2 de outubro de 2009

Tenho um senso apurado de irresponsabilidades
Não sei de tudo quase sempre quanto nunca

Manoel de Barros (Retrato do Artista quando Coisa – 1998)



Como eu poderia prever que toparia com uma criatura assim? Claro que não, tanto por não ser dada às previsões, ainda pela doçura do encontro com as palavras ‘manoelitas’...


Como ‘um passarinho me árvore’? Esse ‘passarinho me transgrediu para árvore ... ele mesmo me bosteia de dia e me desperta nas manhãs’. Depois dessa jamais um passarinho continuou a ser o que era, tanto mais as árvores que tomam forma de mim, assim não ridículo amar a árvore, ridículo sim ter na árvore ‘manoelita’ aquela habitual árvore. Não creio que esse poeta-pedra despreze a árvore do hábito, abismada fico na percepção de que ele tira outra árvore da própria árvore, sendo que uma nova e diferente, talvez tal como se tirou o fogo da árvore no atrito do aparente semelhante...


Como ser a 'irresponsabilidade'? Ah, não sentar no banquinho de madeira sem o ‘insossego’ de sentar em si mesmo. Puxa Manoel, fizeste do meu mundo o eterno movimento dos eus-outros, tanto para além do só humano, ou melhor, tanto por entre os não-humanos...


Como ‘vou deixando pedaços de mim no cisco’? Se assim, todos os ciscos me são e sou todo cisco, de modo que sou o todo e o todo me é. Loucura, o mundo me é. Por essa ficou devedor ao me enlouquecer.
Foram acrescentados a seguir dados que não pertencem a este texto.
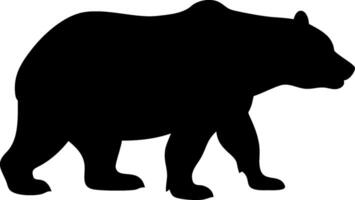 Strong Bear Silhouette Design of a Powerful Wildlife Animal vector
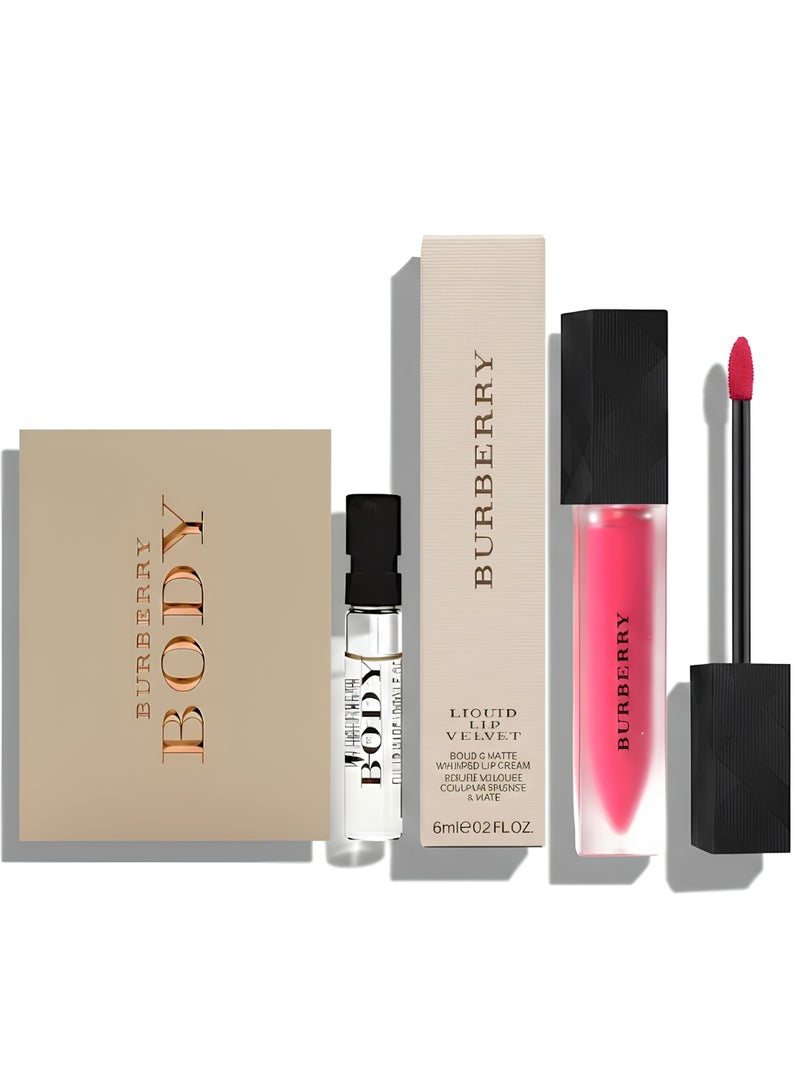 BURBERRY Gift Set Consisting Of (Liquid Lipstick 6ml + Body EDP 2ml) - Image 1
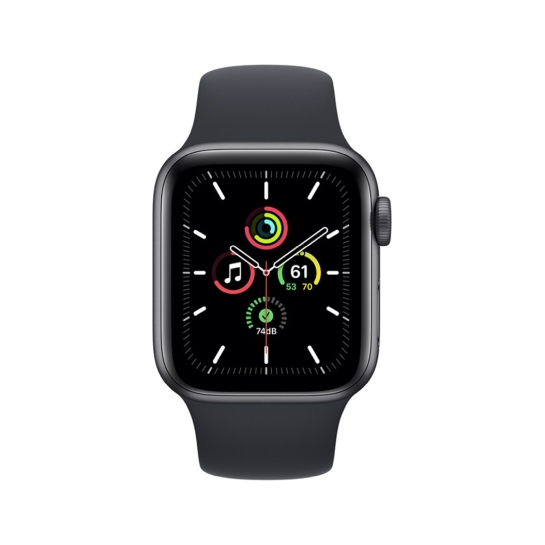 Б/У Смарт-часы Apple Watch SE  40mm Space Gray Aluminum Case w. Midnight S. Band (MKQ13) (Отличное) - цена, характеристики, отзывы, рассрочка, фото 2
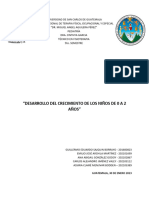 Desarrollo Del Crecimiento de Los Niños de 0 A 2 Años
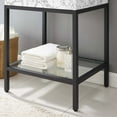 thumbnail image 4 of Sink Vanity Cabinet, Artificial Marble, Metal Steel, Black White, Modern Contemporary Urban Design, Hotel Bedroom Bathroom Master Suite Guest, 4 of 10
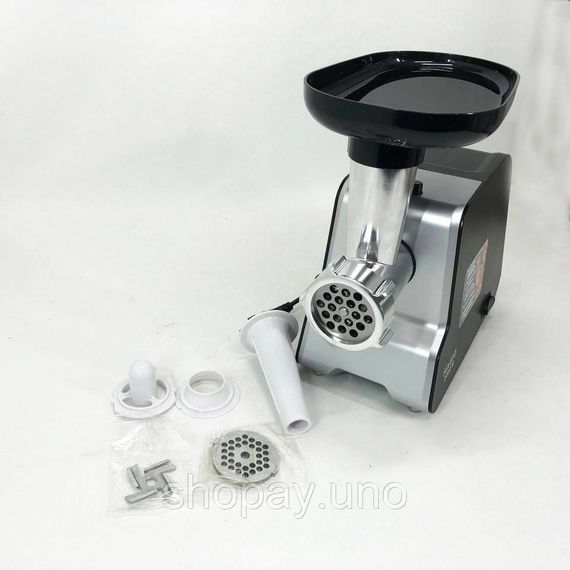 Мясорубка Magio MG-268 N 2000 Вт мясорубка для мяса электромясорубка для шинковки электромясорубка для дома | Зображення 2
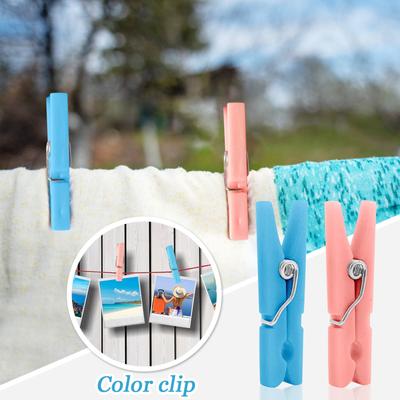 100pcs Clothespins For Baby Shower, Girls Games, Plastic Clothespins, 1.18 Inch Clips, Good For Party Decoration, DIY Crafts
Vesti-me de árvore para chegar em você...


Como ‘Ilha Linguística’? Se não fosse a Rosa, que por instinto revestiu gravanha de espinhos, me dissesse que ‘sabedoria se tira das coisas que não existem’, na certa estaria eu ainda a ler suas páginas sem olhar para o mundo com olhos de quem busca ouvir o silêncio fotografado – o que não existe... será?